Presented by Dr. Carmen Bain. Co-authored with Dr. Christopher Cummings, Dr. Theresa Selfa, and Sonja Lindberg.

Gene editing techniques, such as CRISPR, are a major biotechnology advance that promise significant benefits within the agricultural sector. To maximize the technology’s potential, proponents of gene editing in the US want to avoid the controversy that GMOs engendered. The goal of this paper is to examine efforts by proponents to garner social license for gene editing and to consider whether these efforts are likely to enhance their trustworthiness. To accomplish this, our paper focuses on two research questions: 1) What attributes and/or actions are proponents of gene editing engaging in to enhance public acceptance for gene editing? 2) Do these attributes and/or actions address the key concerns of advocacy groups critical of GMOs and skeptical of gene editing? We draw on data from in-depth key informant interviews from agriculture, biotech, and food retailer companies and organizations, together with agriculture, food, and environmental advocacy groups. Our data also includes content analysis of key websites, such as the Coalition for Responsible Gene Editing in Agriculture and CRISPRcon. Our analysis is focused on organizational actors who play a key role in shaping the information climate related to gene editing by framing its potential benefits and risks as well as shaping responses to the technology, including how it should be governed. We find that many proponents are focused on efforts to build public trust in gene editing, which contrasts with prior efforts focused on the information deficit model to counter anti-GMO criticism. Key attributes of trust advanced by proponents include transparency, shared values, access and control, and consumer and environmental benefits. However, our interviews with advocacy groups suggest that a focus on these attributes may not address the ‘trust gap’ since they sidestep the primary concerns of advocacy groups, which include concerns related to governance and risks. Without directly engaging in these concerns, proponents’ efforts to enhance their trustworthiness may be limited as trust may simply function as the latest “deficit model”.

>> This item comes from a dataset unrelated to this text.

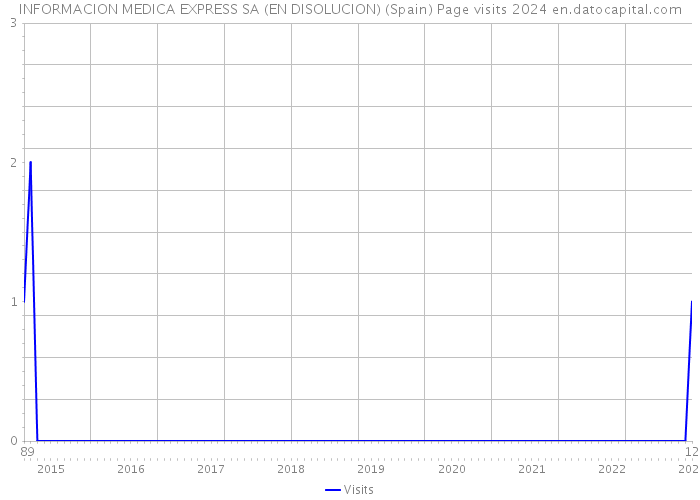 INFORMACION MEDICA EXPRESS SA (EN DISOLUCION) (Spain) Page visits 2024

Dr. Bain is the Project Director on the USDA-NIFA funded Gene Edited Foods Project. Dr. Bain’s research interests include the governance of agricultural and food systems; gender, agriculture and international development; and the social dimensions of agricultural biotechnologies. She has conducted research in Chile, Ghana, the EU, New Zealand, Uganda and the U.S.

Dr. Bain teaches undergraduate and graduate classes in the sociology of agriculture and food systems, women and agriculture, sociology of the environment, and rural sociology. She is the adviser for the undergraduate major, agriculture and society. Dr. Bain is also the Associate Dean of Academic Innovation within the College of Agriculture and Life Sciences.